Major central banks recently initiated rate-cutting cycles, the People’s Bank of China (PBoC) surprised investors with important stimulus measures, and Saudi Arabia signaled a commitment to regain market share in oil production. The confluence of these events supports the Western Asset base-case scenario and implies a marginal tailwind for slowing global economic activity—but even more so a positive shift for investor sentiment and ultimately asset prices.
First, major central banks have moved to relax monetary tightness given progress on inflation. With supply-side inflation bottlenecks largely resolved, inflation has drifted lower and central banks are pivoting away from tight monetary policy. At the same time, financial conditions remain relatively easy. The combination of accommodative financial conditions and central banks making progress in the battle against inflation provides a tailwind to the real economy, as well as to investor sentiment.


Second, Chinese authorities announced various fiscal, monetary, and macro prudential measures to provide support to an economy wrestling with deflationary pressures and confidence shocks brought on by the property sector meltdown and fallout from other government policies. The measures are the strongest to date but are likely aimed at putting a floor under the recent economic underperformance as opposed to a more comprehensive solution to cyclical and secular headwinds. Nevertheless, the measures have the potential to energize sentiment in the broader investor community while the true impact of the stimulus remains to be seen. Simply putting a floor under Chinese growth and taking off the table a more disruptive Chinese hard-landing scenario should be supportive of risk assets generally.
Third, recent media articles describe Saudi Arabia’s intent to pivot its oil production strategy. They point to a shift away from production cuts aimed at underpinning the price of oil to a strategy focused on regaining production market share by sacrificing the oil price level in the short term. Specifically, OPEC would aim to shake out price-sensitive producers such as American shale. Cheaper oil will not act as a headwind to global economic activity but will serve as a tailwind to further disinflationary pressures. Additionally, at the margin, a lower dollar price per barrel will reduce the demand for US dollars in international markets.

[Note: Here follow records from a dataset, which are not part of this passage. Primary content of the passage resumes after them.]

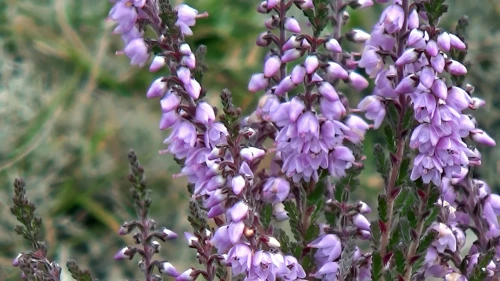 Heather on the North York Moors, 4.8 miles into the ride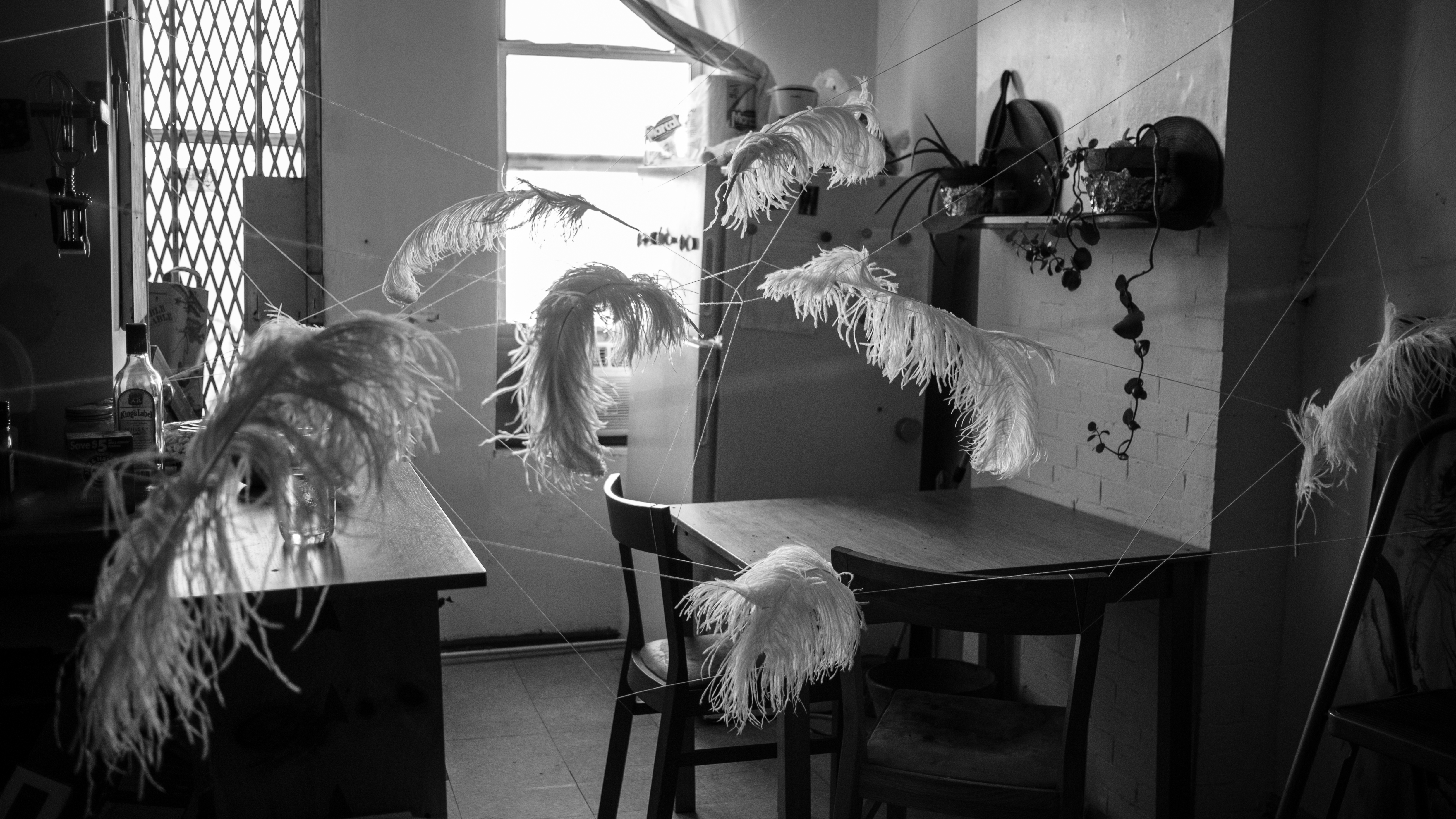 feathers installation whitney biennale (8 of 10)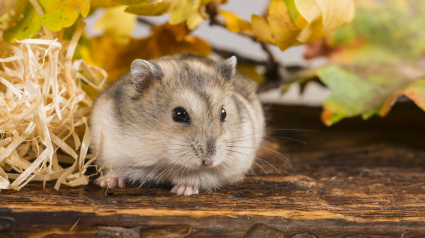 Illustration : Un homme abandonne deux hamsters sur le bord de la route et leur laisse seulement quelques graines pour se nourrir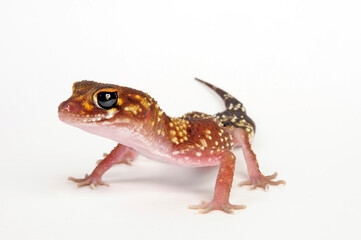 Thick-tailed gecko // Australischer Dickschwanzgecko (Underwoodisaurus milii)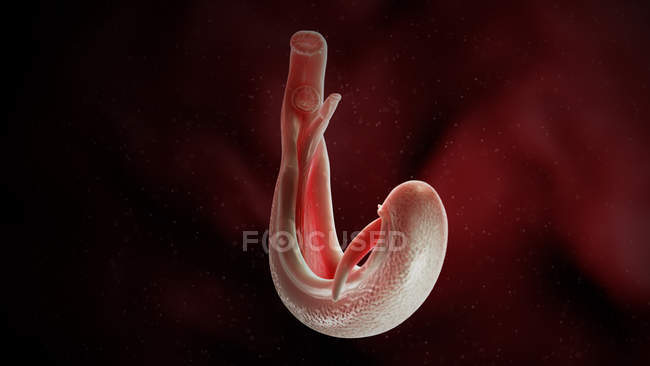Ilustración de esquistosoma flujo sanguíneo gusano plano . - foto de stock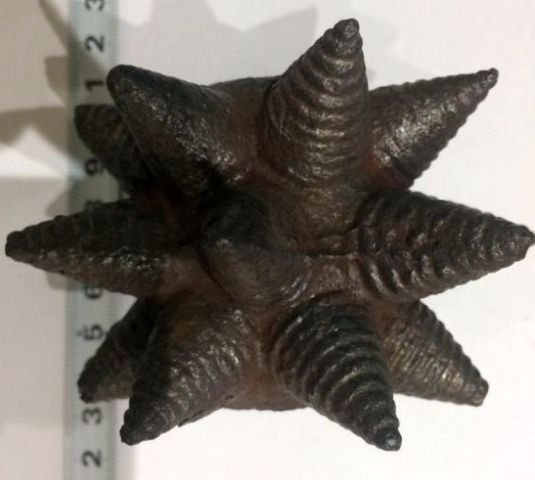 IMG 4032 03 12 19 04 43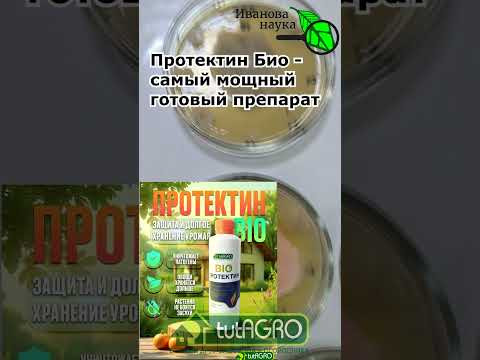 Никогда не смешивайте эти препараты! Результат сразу хуже в 100 раз! Никогда не смешивайте эти препараты! Результат сразу хуже в 100 раз!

The combined impact of rate-cutting cycles coupled with easy financial conditions, PBoC stimulus, and cheaper oil should help offset cyclically slowing global activity. Additionally, and more significantly, in the short term the events will likely embolden investor sentiment, provide support to credit spreads and equities globally, and further cheapen an expensive US dollar. In summary, the environment that emerges when connecting these puzzle pieces supports Western Asset’s broader positioning as we are currently overweight duration, credit spreads, and emerging markets while underweight the US dollar.